O problema, para os especialistas, começa aí, ou seja, pela leitura simplória do dispositivo, levando-se a crer que os empregadores só poderiam promover dispensas por justa causa.
“É evidente, todavia, que uma regra desse padrão teria consequências catastróficas ao setor produtivo. Afinal, a liberdade de iniciar e terminar relações jurídicas são a base de qualquer contrato, não sendo racional em um Estado de Direito a imposição da perenização de contratos privados”, pontua a análise.
Diante a leitura açodada iniciou-se a polêmica e o medo disseminado, mas cuja leitura mais amiúde leva a duas questões que os especialistas consideram simples: “terminologia e nomenclatura”.
“Uma das questões mais prementes em Direito Internacional é a cautela na interpretação literal, na medida em que se é muito difícil encontrar um direito dito “igual”. Certamente, é ainda mais difícil encontrar terminologias uniformes. Afinal, as especificidades linguísticas e culturais de cada país invariavelmente conduzem o olhar do leitor nas palavras, e ele as internaliza consoante sua realidade”, escrevem os advogados.

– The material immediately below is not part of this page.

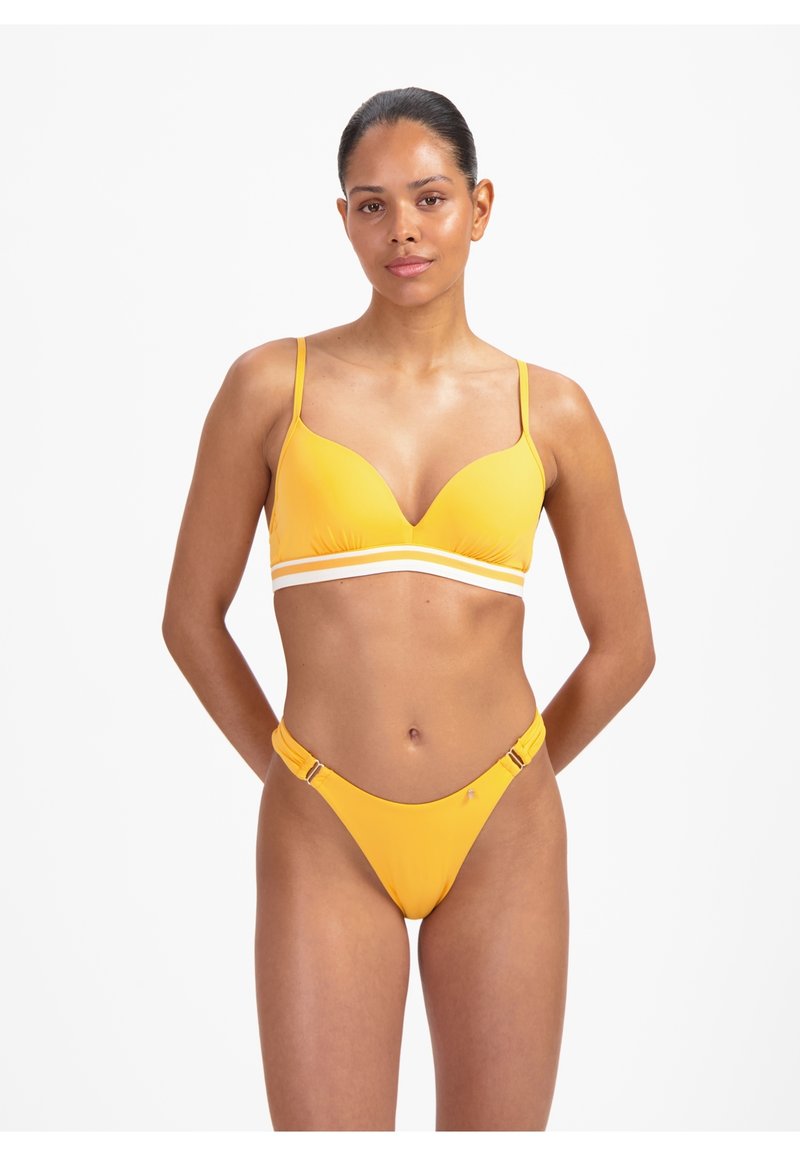 Frau mit dunklem Haar in einem gelben zweiteiligen Badeanzug mit weiß gestreiftem Band, die mit den Händen hinter dem Rücken vor einem einfarbigen Hintergrund steht.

Eles explicam que, no Brasil, por exemplo, vigora a sistemática que tem como viável a rescisão de contratos de trabalho “sem justa causa” e “com justa causa”, com algumas exceções relacionadas às garantias provisórias de emprego.
“É muito difícil conceituar o que é “justo”, termo tão frequente na Consolidação das Leis do Trabalho – CLT. Afinal, a própria ´justiça´ é um conceito jurídico-filosófico que
há séculos suscita amplo debate e estudo”, pontuam os profissionais.
Justo ou justificado
Ocorre, ainda de acordo com os especialistas, que a Convenção 158 da OIT, em momento algum, discute a rescisão por causa “justa” ou “injusta”.
A previsão da norma internacional, como se depreende do seu artigo 4º, é a exigência de uma causa justificada para a rescisão de um contrato de trabalho por iniciativa do empregador.
E, complementam: justificado não é sinônimo de justo, de maneira que a norma impõe
apenas que exista uma justificativa para rescisão, e ela não precisa ser “justa”.
“Desse modo, tem-se claro que a confusão nasce da indevida aplicação de equivalência entre ´causa justa´ e ´causa justificada´, evidenciando a raiz terminológico-linguística do problema. Vale lembrar que há outros termos corriqueiramente aplicados no Brasil (“dispensa imotivada” ou “dispensa motivada”), mas são igualmente incompletos e inapropriados, pois toda rescisão de um contrato de trabalho possui um “motivo” a ela subjacente.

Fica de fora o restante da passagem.